O verbo “repreender” usado aqui com o Pedro é o mesmo usado
contra os demônios. Jesus “quis exorcizar” esta imagem equivocada que se tem do
Filho de Deus. Como contraste, anuncia: ”O Filho do Homem deve sofrer muito,
ser rejeitado pelos Anciãos, pelos Sumos Sacerdotes e Doutores da Lei, deve ser
morto e ressuscitar no terceiro dia” (9,22).
Nos evangelhos Jesus anuncia a si mesmo como Filho de Deus,
isto é, Deus na condição humana. Essa apresentação de si despertava ódio por
parte dos representantes do Sinédrio, pois acreditavam ter credenciais de
domínio para julgar os homens e condená-los. Assumindo a nossa condição humana,
o Filho de Deus, se apresenta como alguém que não veio condenar (cf. Jo 17, 3),
contrariando as credenciais do próprio Sinédrio, mas salvar o ser humano já tão
fadado do peso dessas prerrogativas: perseguir, julgar, excluir, condenar e
matar.
Por isso que Jesus apresenta o Sinédrio (os anciãos/o sumo
sacerdote e os escribas (teólogos)) – o órgão jurídico de Israel – como
responsável de sua condenação morte. O Sinédrio que se apresentava como
representante de Deus, quando o Filho de Deus veio até nós, não O reconhece e
pede até a Sua morte.
“Se alguém quer me seguir (...) tome sua cruz cada dia e
siga-me” (Lc 9, 23.). Essa é a resposta de Jesus a quem o acompanha, mas não o
segue. O negar a si mesmo é não ter medo de ser excluído, por causa da
coerência com o evangelho. O negar a si mesmo, não é aquele terrorismo
proselitista que esvazia as pessoas ao ponto de despersonalizá-las,
infantilizá-las e manipulá-las.
Jesus não oferece a cruz a ninguém, mas sabia que
acompanhá-Lo é perigoso e requer maturidade humana e espiritual. Há uma dura
possibilidade de que o discípulo que acompanha Jesus enfrente rejeição, todo o
tipo de insultos e solidão. O EVANGELHO NEM SEMPRE GERA UMA BOA REPUTAÇÃO.

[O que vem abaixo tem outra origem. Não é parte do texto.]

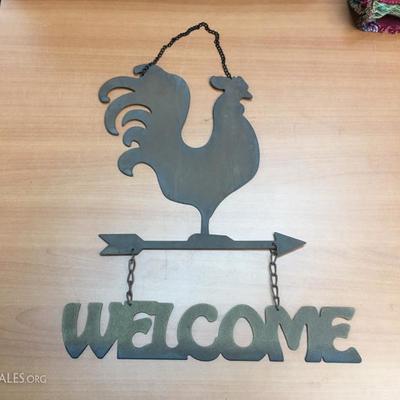 Rustic rooster welcome sign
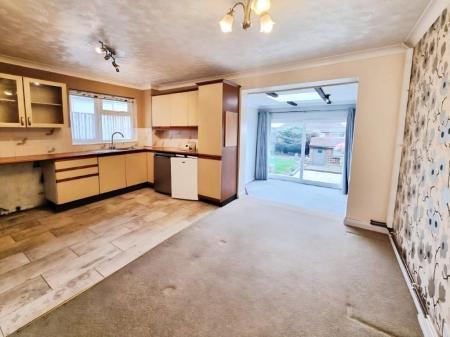 3 bedroom Semi-detached house for sale in Chatsworth Crescent, Ipswich, IP2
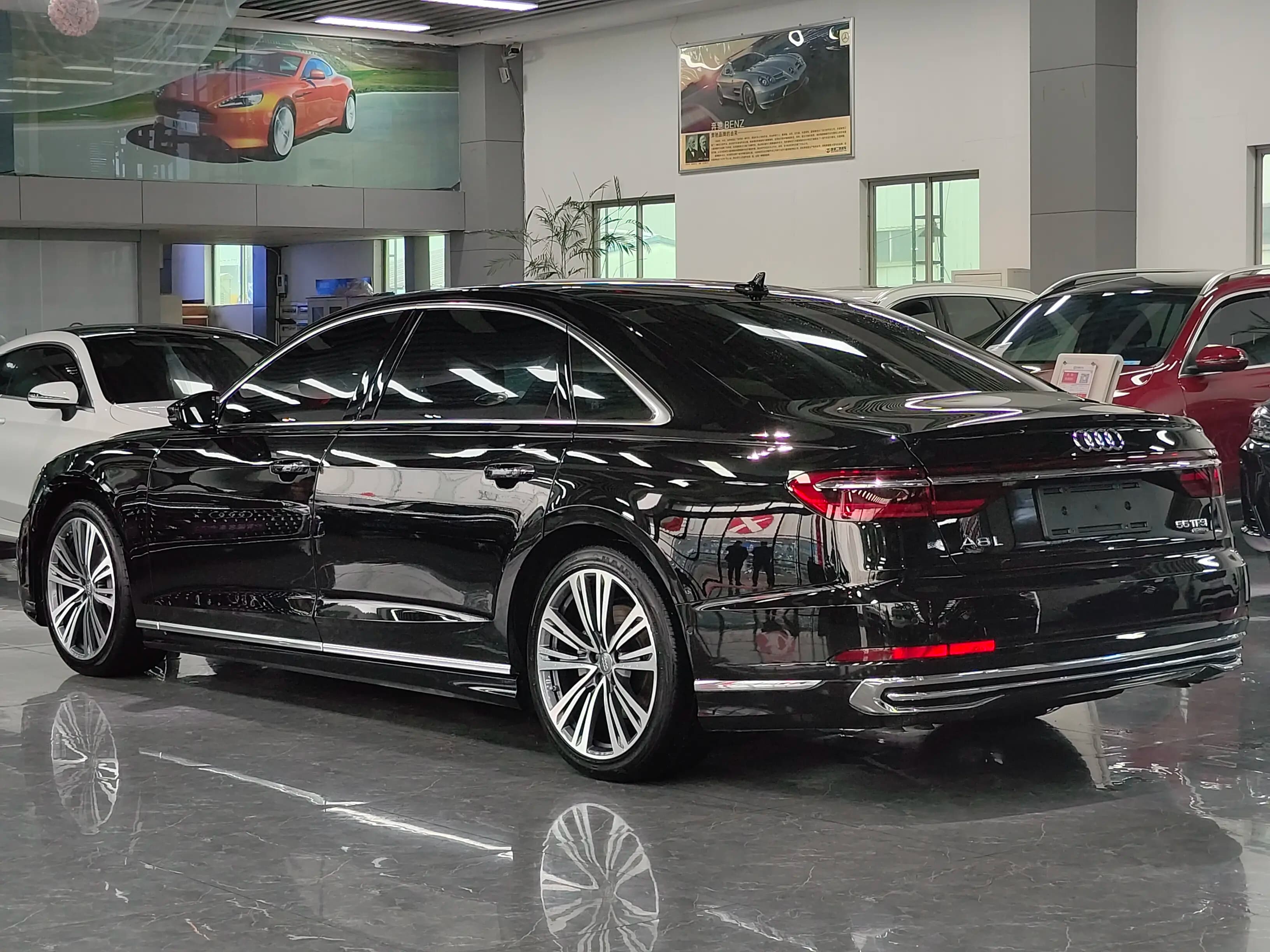 Audi A8 2023 г. 36049 км. — фото 3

Em outra ocasião Jesus dizia que o discípulo que “busca a
glória uns dos outros, não entende o Reino de Deus” (cf. Jo 5, 44). Por isso,
não deve dar muita razão a sua imagem pessoal, reputação, carreira; pois quem
vive se poupando de críticas, de falsidades, etc..não tem o perfil de ser livre
para seguir Jesus (cf 2Cor 11, 18.21b-30), no máximo só consegue agradar as
instituições (representadas pelo Sinédrio) com o intuito de ganhar algo em
troca: querer aplausos.
“Quem quiser salvar a sua vida, vai perdê-la, e quem perder a
sua vida, por causa de mim, salvará” (Lc 9,24). Esta é conclusão do evangelho
de hoje e seu eco chega à nossa geração (adolescentes, jovens, casais, idosos).
Quem vive para si destroe sua existência. Mas, se abraçamos a causa do
evangelho (“Ele me ungiu para anunciar a boa nova aos pobres, libertar os
presos...” (cf Lc 4, 18-19)) – que é causa humanitária – teremos vida autêntica
e Deus nos salvará. Não existe um Cristo desencarnado, só na cabeça dos
espiritualistas que não caminha pelo evangelho.
Concluo com uma provocação filosófica para quem quer seguir
Jesus e testemunhá-Lo: “Não viva para que sua presença seja notada, mas que sua
ausência seja sentida” (Bob Marley). Faça o bem e saia de cena. Que são João
Batista, homem de fé, coerência e austeridade, interceda por nós.
Boa Semana!! Boas festividades e viva São João!!